ACTION ITEM -
A faithful copy of the entries is needed, one that leaves out the pictures.

PROVIDED RECORDS -
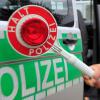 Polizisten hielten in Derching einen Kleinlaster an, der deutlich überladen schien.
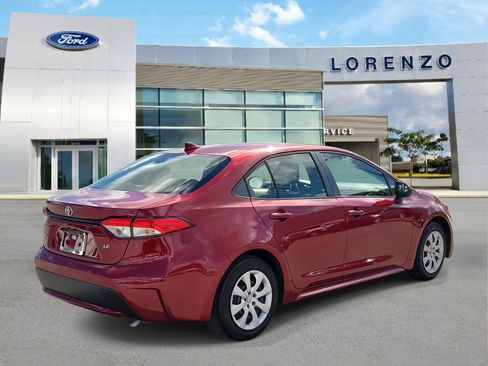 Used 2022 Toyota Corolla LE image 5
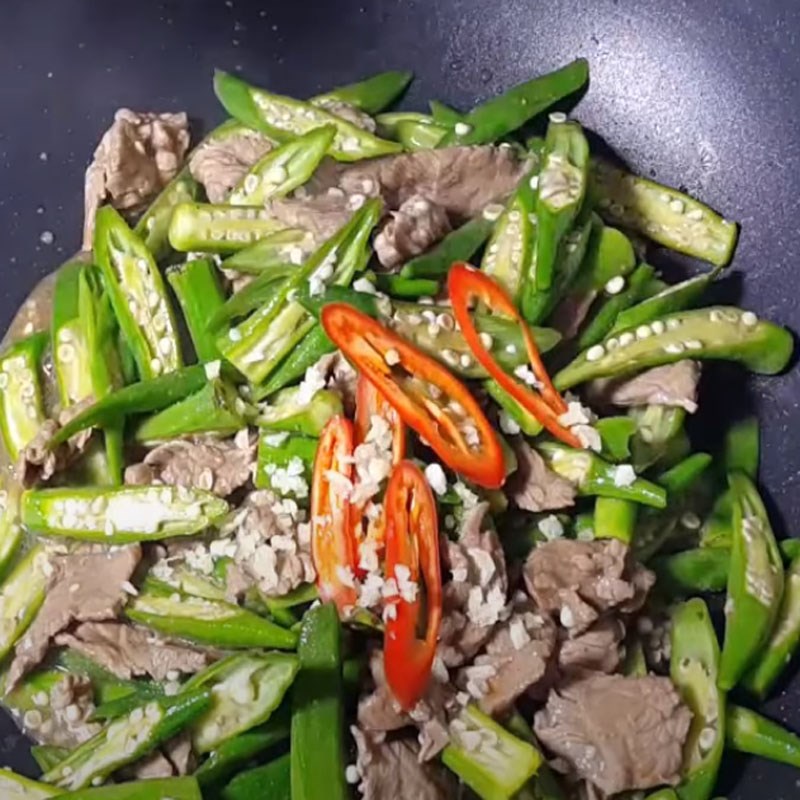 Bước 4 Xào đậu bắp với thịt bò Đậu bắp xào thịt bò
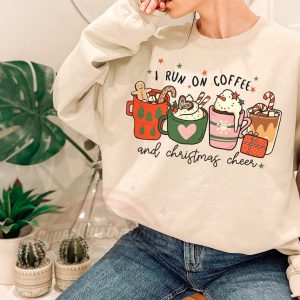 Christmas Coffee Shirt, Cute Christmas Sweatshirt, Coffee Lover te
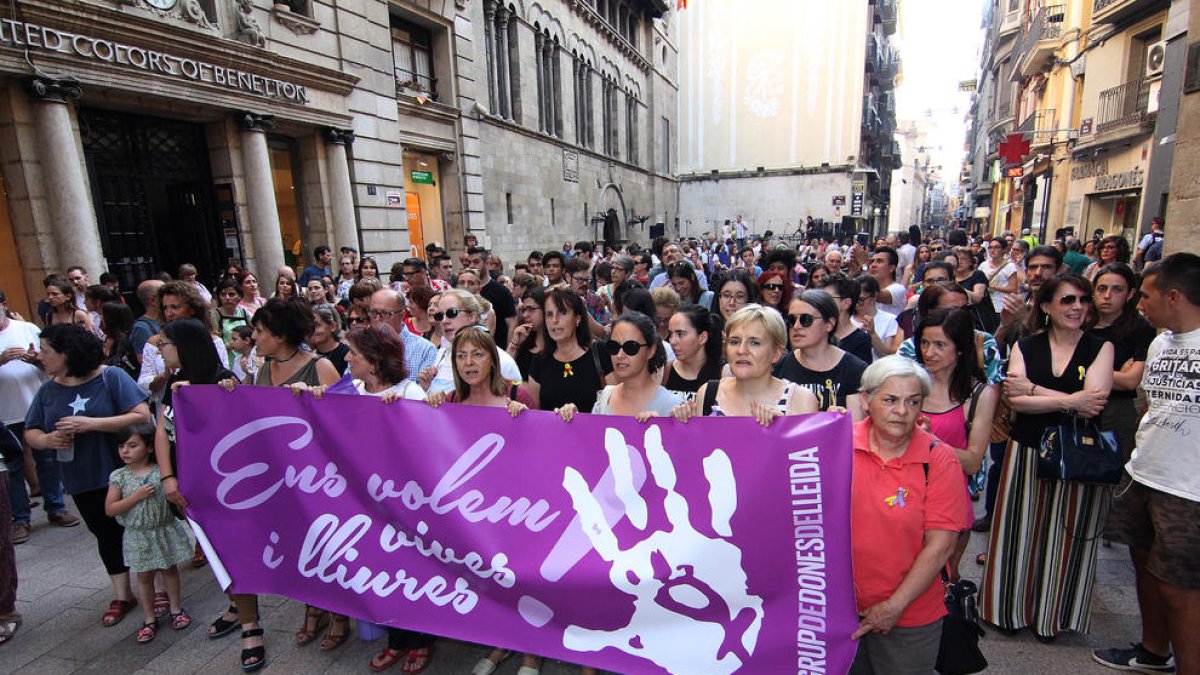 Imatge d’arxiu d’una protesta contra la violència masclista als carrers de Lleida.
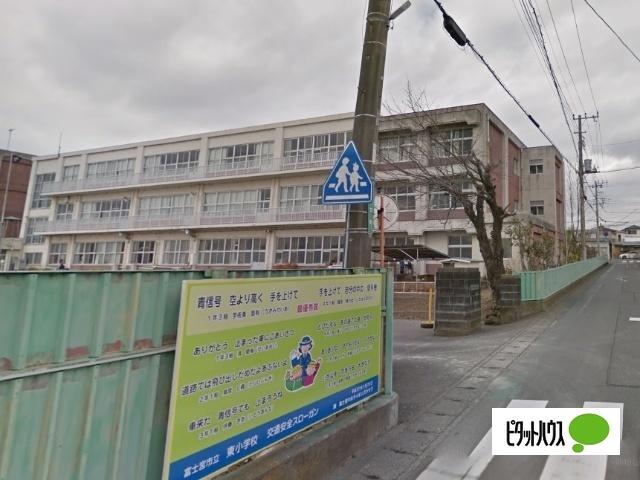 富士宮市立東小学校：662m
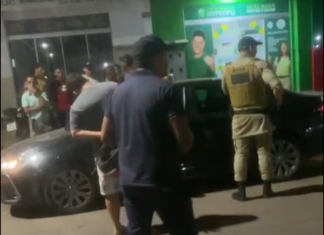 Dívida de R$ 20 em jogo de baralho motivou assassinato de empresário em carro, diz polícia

WRITTEN ANSWER -
 Polizisten hielten in Derching einen Kleinlaster an, der deutlich überladen schien.
 Used 2022 Toyota Corolla LE image 5
 Bước 4 Xào đậu bắp với thịt bò Đậu bắp xào thịt bò
 Christmas Coffee Shirt, Cute Christmas Sweatshirt, Coffee Lover te
 Imatge d’arxiu d’una protesta contra la violència masclista als carrers de Lleida.
 富士宮市立東小学校：662m
 Dívida de R$ 20 em jogo de baralho motivou assassinato de empresário em carro, diz polícia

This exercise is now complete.